Sharing reproducible containers

Objectives

Know about good practices for creating reproducible containers
Know about some popular services to share container definition files and images

In this lesson we will go through a handful of guidelines and tips that will help you to create reproducible containers which can be shared today and hopefully years into the future.

We will encourage you to

Reuse
Be specific
Separate concerns
Document
Use version control and public registries

And finally we will give you an exercise to practice your new skills.

Reuse

As we have learned, building a container means that you pack the OS and all the applications you need into a file. We have also learned that typically we don’t do everything from scratch, we build upon base containers.

This means that when building containers we try to:

Use available base containers
Add customisation on top of that

An example was using an official python image for our python container:

Bootstrap: docker
From: python:latest

%files
    summation.py /opt

%runscript
    echo "Got arguments: $*"
    exec python /opt/summation.py "$@"

%post
    pip install numpy

Here we use a python base image and in addition we install some more software: numpy (and we copy our custom python script into the image).

Building upon base-images is used extensively: The python image is not just python, it is again based on an another image, which itself is based on another image, and so on.

To find the image dependency, you will need to do a bit of detective work, finding the image in a registry, and inspecting its Dockerfile which hopefully is linked from the registry. If there is no Dockerfile linked from the registry page, you may be out of luck.

Example image dependency

Let’s check the Dockerhub python registry. We can click on the link of the latest bookworm tag (see DockerHub python tab below) which leads us to its Dockerfile on Github (as seen in the Dockerfile python tab).

Inspecting this Dockerfile, we see that it again is based on a another image, namely buildpack-deps:bookworm.
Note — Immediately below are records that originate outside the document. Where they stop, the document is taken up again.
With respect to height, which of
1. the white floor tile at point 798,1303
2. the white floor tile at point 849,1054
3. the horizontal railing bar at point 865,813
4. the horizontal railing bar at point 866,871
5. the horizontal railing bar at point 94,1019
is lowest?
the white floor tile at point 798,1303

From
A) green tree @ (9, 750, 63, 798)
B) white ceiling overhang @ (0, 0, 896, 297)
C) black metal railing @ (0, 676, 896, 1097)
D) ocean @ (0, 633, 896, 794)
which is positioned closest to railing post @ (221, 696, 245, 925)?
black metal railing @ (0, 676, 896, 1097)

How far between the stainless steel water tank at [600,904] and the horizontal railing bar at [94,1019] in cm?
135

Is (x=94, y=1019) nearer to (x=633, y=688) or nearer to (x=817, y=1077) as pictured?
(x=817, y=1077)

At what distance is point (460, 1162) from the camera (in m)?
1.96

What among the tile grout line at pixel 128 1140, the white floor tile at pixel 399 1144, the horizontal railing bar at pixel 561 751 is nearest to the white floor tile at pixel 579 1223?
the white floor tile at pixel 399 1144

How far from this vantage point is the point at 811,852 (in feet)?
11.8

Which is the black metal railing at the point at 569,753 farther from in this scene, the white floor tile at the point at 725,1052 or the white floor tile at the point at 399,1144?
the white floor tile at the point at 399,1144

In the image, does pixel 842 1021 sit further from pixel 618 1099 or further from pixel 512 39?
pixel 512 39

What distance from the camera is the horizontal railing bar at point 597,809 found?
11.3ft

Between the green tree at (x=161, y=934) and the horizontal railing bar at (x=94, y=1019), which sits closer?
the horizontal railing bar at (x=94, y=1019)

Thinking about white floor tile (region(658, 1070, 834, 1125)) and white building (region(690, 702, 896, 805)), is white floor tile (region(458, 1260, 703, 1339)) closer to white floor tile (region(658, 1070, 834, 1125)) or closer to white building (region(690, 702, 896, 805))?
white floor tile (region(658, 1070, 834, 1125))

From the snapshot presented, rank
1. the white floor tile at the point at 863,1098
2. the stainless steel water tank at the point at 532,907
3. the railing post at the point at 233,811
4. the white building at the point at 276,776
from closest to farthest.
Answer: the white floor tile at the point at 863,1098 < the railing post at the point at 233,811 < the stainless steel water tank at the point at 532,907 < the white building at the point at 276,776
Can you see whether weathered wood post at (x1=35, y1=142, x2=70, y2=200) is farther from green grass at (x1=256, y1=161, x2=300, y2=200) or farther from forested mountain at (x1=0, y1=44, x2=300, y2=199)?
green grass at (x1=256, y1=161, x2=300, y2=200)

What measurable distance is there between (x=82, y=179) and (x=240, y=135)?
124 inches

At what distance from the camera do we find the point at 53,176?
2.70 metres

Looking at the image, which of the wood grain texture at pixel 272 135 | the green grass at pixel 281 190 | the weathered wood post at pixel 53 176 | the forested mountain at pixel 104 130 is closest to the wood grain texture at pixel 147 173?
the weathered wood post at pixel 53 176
We can do the same exercise for the image buildpack-deps:bookworm by finding the image in a registry like Dockerhub, navigating to the Dockerfile linked from that registry, and so on.

After all that, this is the image dependency tree we find for the original python docker base image:

--> From: python:latest
  --> FROM: buildpack-deps:bookworm
    --> FROM buildpack-deps:bookworm-scm
      --> FROM buildpack-deps:bookworm-curl
        --> FROM debian:bookworm
          --> FROM scratch

Take-away message

Check if there is a suitable official base image for the applications you need, and build upon that.

Popular base images

There probably exists a base image for your need, almost whatever it is. If you web-search e.g. “best docker containers” you will find useful lists of popular ones. Here is a customised selection of such a list - with some images we find very useful:

Alpine (slim Linux OS)
BusyBox (slim Linux OS with many common Linux utilities)
Nginx (web server)
Ubuntu (Linux OS)
Python
PostGreSQL (database)
Node (web development)
MySQL (database)
Jupyter datascience-notebook

Once you have found a suitable base image, you must think about what version to chose. You will see that each image has a selection of different versions, so which should you chose? We will explore this in the next section.

Be specific

One of the main objectives of using images is that the users gets exactly what they expect, and everything should just work. The container is after all self-contained!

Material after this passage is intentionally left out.